Henriette, une vieille dame, arrive avec un train de sénateur, voire avec un déambulateur. Elle s’assied dans un fauteuil et commence à lire un magazine : Votre Temps. Une autre personne âgée arrive à son tour, Claude, qui pourra être un homme ou une femme, et qui est aussi en piteux état.
Henriette – Bonjour Claude, comment ça va, ce matin ?
Claude – Ah, ma pauvre Henriette, Vous savez ce qu’on dit. Passé quatre-vingts ans, si un matin vous vous réveillez et que vous n’avez mal nulle part, c’est que vous êtes mort.
Henriette – Ah, c’est bien vrai, ça… À propos, vous avez su pour Adèle ?
Claude – Adèle ? Non, il lui est arrivé quelque chose ?
Henriette – Ça on peut dire qu’il lui est arrivé quelque chose, oui… C’est même la dernière chose qui lui arrivera. Elle est morte !

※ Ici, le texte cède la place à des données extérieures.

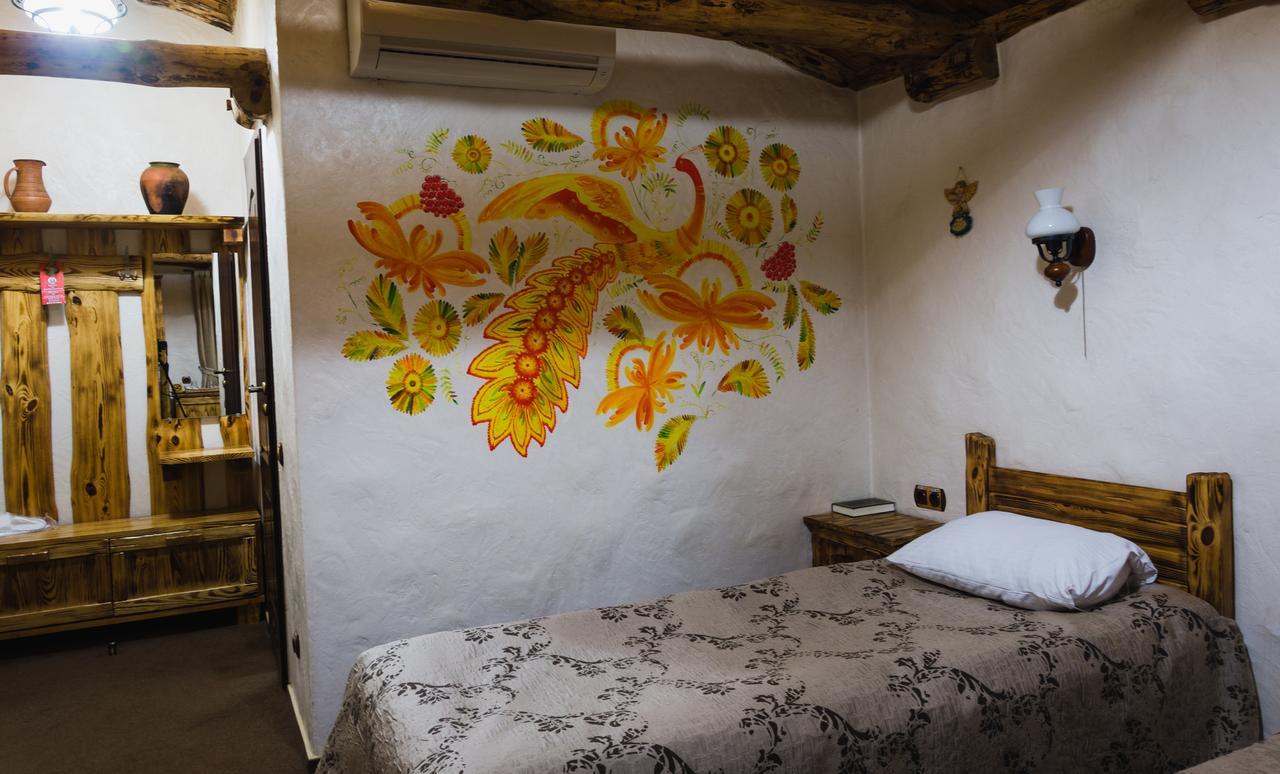 Pidkova Hotel Rivne Bagian luar foto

Claude – Non ? Elle est morte, Adèle ?
Henriette – Pendant son sommeil… Ils l’ont retrouvée ce matin dans son lit, raide comme un bout de bois…
Claude – Ça alors… Et moi qui l’avais encore vue hier soir. Je lui ai même souhaité bonne nuit !
Henriette – Ah ben ça ne lui a pas réussi, hein, Claude ? Si je vous croise ce soir, évitez de me souhaiter bonne nuit.
Claude – Oh, mais vous, vous êtes encore jeune, Henriette. Combien ça vous fait maintenant ?
Henriette – C’est que je vais sur mes quatre-vingt seize. Pas vite, mais j’y vais…
Claude – Ah tiens, je pensais que vous étiez plus jeune que moi.
Henriette – Eh oui… Il fallait bien que ça arrive un jour.
Claude – Quoi ?
Henriette – Pour Adèle ! Elle avait quand même cent trois ans.
Claude – On venait de fêter son anniversaire.
Henriette – On ne voyait même plus le gâteau sous les bougies.
Claude – Qu’est-ce qu’on peut encore espérer de la vie à cent trois ans ?
Henriette – À part figurer dans le Guiness des records…
Claude – Quand même, ça fait un choc.
Henriette – Qu’est-ce que vous voulez, on n’est pas éternel.
Claude – Pas encore, malheureusement…
Henriette – Pas encore ?
Claude – Vous n’avez pas lu cet article, dans Votre Temps…
Henriette – Quel article ?
Claude – À propos de cette race de méduses qui ne meurt jamais.
Henriette – Des méduses ?
Claude – La Turritopsis Nutricula.
Henriette – Une tartine de Nutella ?
Claude lui prend la revue, cherche l’article et le trouve.
Claude – Écoutez ça (lisant) : D’après les scientifiques, à ce jour, c’est le seul être vivant connu pour être immortel. Cette méduse serait capable de reconfigurer ses cellules vieillissantes en cellules neuves, conservant ainsi une éternelle jeunesse. Inconnues jusqu’à présent, ces méduses évoluent en eaux profondes. Comme elles ne meurent jamais, elles se multiplient à travers les océans, provoquant une panique surnaturelle dans la communauté scientifique, au point qu’un spécialiste a déclaré : « Il faut que le monde se prépare à faire face à cette invasion silencieuse. »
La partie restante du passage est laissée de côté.